*Directions for this task*.
Apart from the pictures, print the data below exactly as given.

Dataset entries
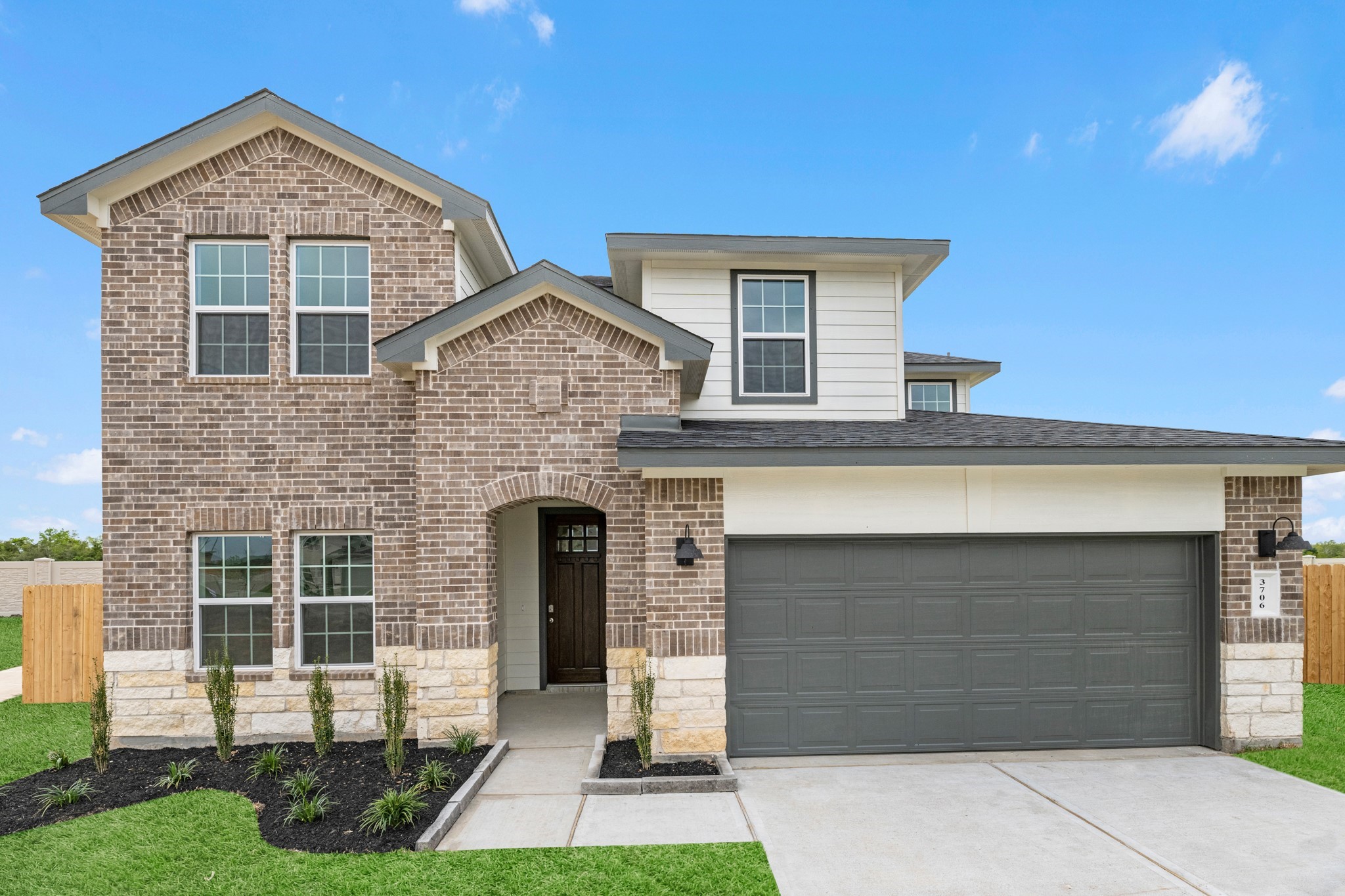 1747 Stargrass Lane Property Photo 1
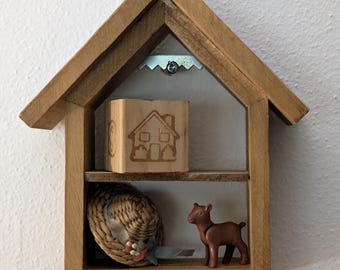 Mini House Trinket Shelf/Miniature/Curio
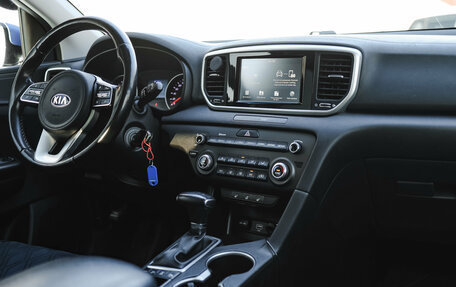 KIA Sportage IV рестайлинг, 2020 год, 2 469 000 рублей, 10 фотография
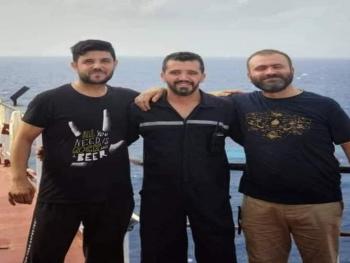 3 بحارة سوريين ينقذون 50 مهاجراً بالقرب من إيطاليا
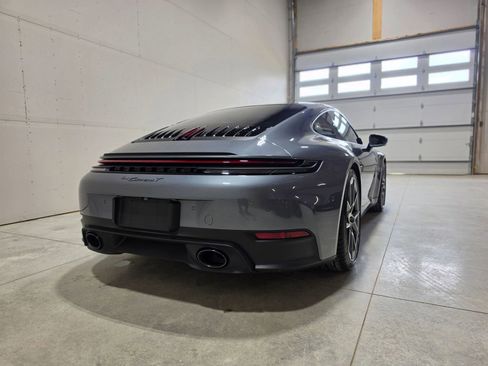 Used 2025 Porsche 911 Carrera T RWD image 12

*Result below*.
 1747 Stargrass Lane Property Photo 1
 Mini House Trinket Shelf/Miniature/Curio
 KIA Sportage IV рестайлинг, 2020 год, 2 469 000 рублей, 10 фотография
 3 بحارة سوريين ينقذون 50 مهاجراً بالقرب من إيطاليا
 Used 2025 Porsche 911 Carrera T RWD image 12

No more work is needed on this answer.